I've posted twice about Cohen's books and their covers, here and here. He also had various stories and novels adapted for films. I Love You Again, a 1940 picture starring Myrna Loy and William Powell, is one of those; The Big Gamble, which happens to star Birmingham native Dorothy Sebastian is another. 

You can read more about The Loafers in John W. Bloomer's article ""'The Loafers' in Birmingham in the Twenties", Alabama Review April 1977. 

Comments on the advertisements are below. 





Patrick, a Birmingham native, graduated from Howard College [now Samford University] and completed two years at the University of Alabama law school. In 1932 she entered a Paramount Pictures contest for the "Panther Woman" character in an upcoming film, Island of Lost Souls. She was picked as one of four finalists from the 60,000 applicants. Patrick did not win, but was offered a standard studio contract. She met with studio brass and negotiated a better contract for herself. That law school training came in handy. 

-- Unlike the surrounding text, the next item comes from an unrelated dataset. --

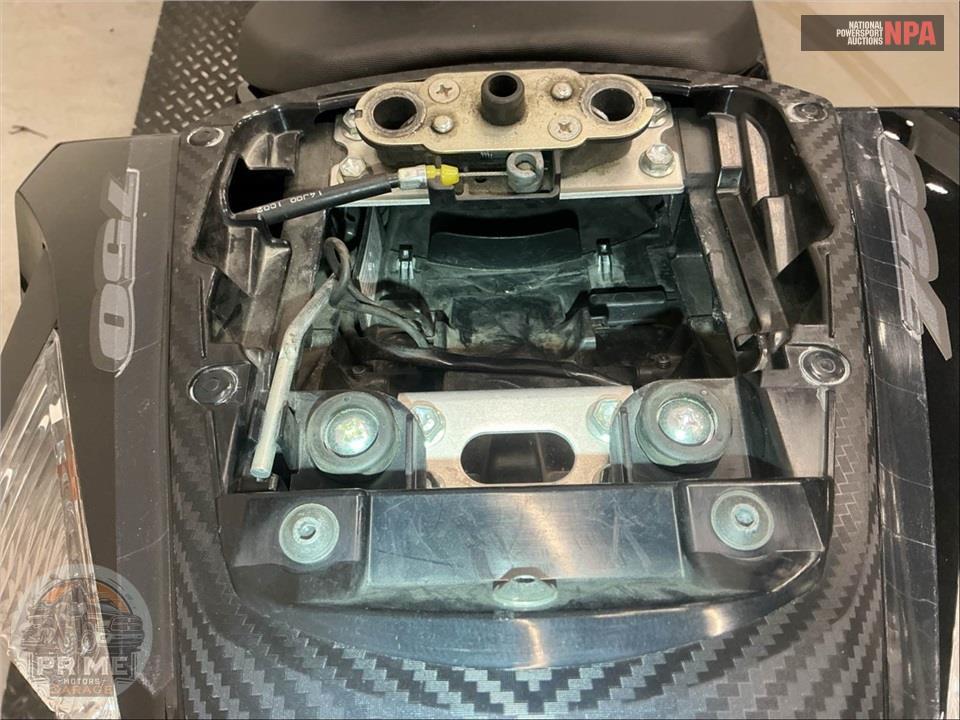 2011 Suzuki GSX-R750L1 — фото 14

The Mysterious Rider was the second of four films she made that year, playing Mary Benton Foster. The star of the film was Kent Taylor, who made some 110 movies in his career. In one of the others in 1932 she played a secretary and the other two were uncredited bit parts, the last ones she had in a career of more than 60 films made between 1932 and 1948. She did not watch herself in a film until 1979, when she finally screened one of her most famous, My Man Godfrey [1936]. 

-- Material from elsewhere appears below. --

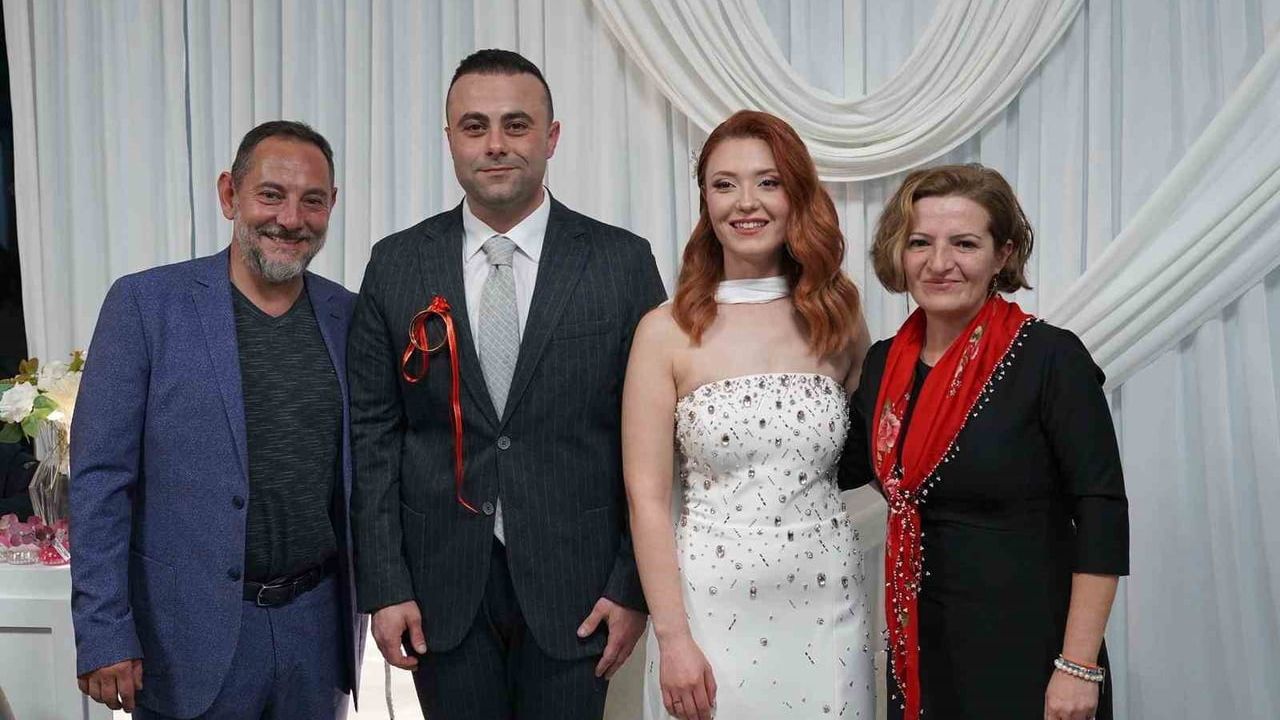 Yazmalı Efe Melike Basmacı'dan Ahde Vefa: Danışmanı Kazım Acıkara'nın Nişanı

The Galax Theater opened on 2nd Avenue North in Birmingham before 1920, showing silent films. The theater operated until at least 1945 and was torn down in 1963; the BTNB building opened on the site the following year. 






Zane Grey published more than 90 books, most of them Western novels. The Mysterious Rider appeared in 1921. 

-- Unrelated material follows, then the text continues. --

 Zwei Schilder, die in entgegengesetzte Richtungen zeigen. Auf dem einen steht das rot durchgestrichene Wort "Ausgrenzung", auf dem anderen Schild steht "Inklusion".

Here's the ad for Cohen's radio mystery. Westinghouse was once a radio and television production behemoth that merged with CBS in 2000. This page has a paragraph about The Townsend Murder Mystery, radio broadcast, information about two of Cohen's detective characters in other fiction, David Carroll and Jim Hanvey, and a bibliography of Cohen's novels. 

On that page author Jon Breen says, "In an unusual and unsuccessful experiment, Cohen’s radio serial The Townsend Murder Mystery (1933) was published in book form the same year it was broadcast coast to coast (from WJZ’s New York studios) on NBC.  However it played on the air, it doesn’t work as a print mystery."





Excerpt from the listing of radio programming in the Birmingham News for February 16, 1933. KDKA is considered the first commercially licensed radio station in the United States, beginning broadcast on November 2, 1920.





This broadcast description was included in the book, which was actually the  script. 





This radio script was published in 1933 by D. Appleton-Century

A photo of Octavus Roy Cohen at Getty Images includes this original caption:
"The famous writer of Negro stories has just completed an original drama for
radio. The Townsend murder mystery, an 18 week mystery serial, begins on
February 14, on 
a coast to coast NBC network. The drama, which will require
a cast of 40 actors will be heard 
three times a week."
I've seen this work described as the "First radio play published in book form" and as the "first mystery novel to revolve around radio."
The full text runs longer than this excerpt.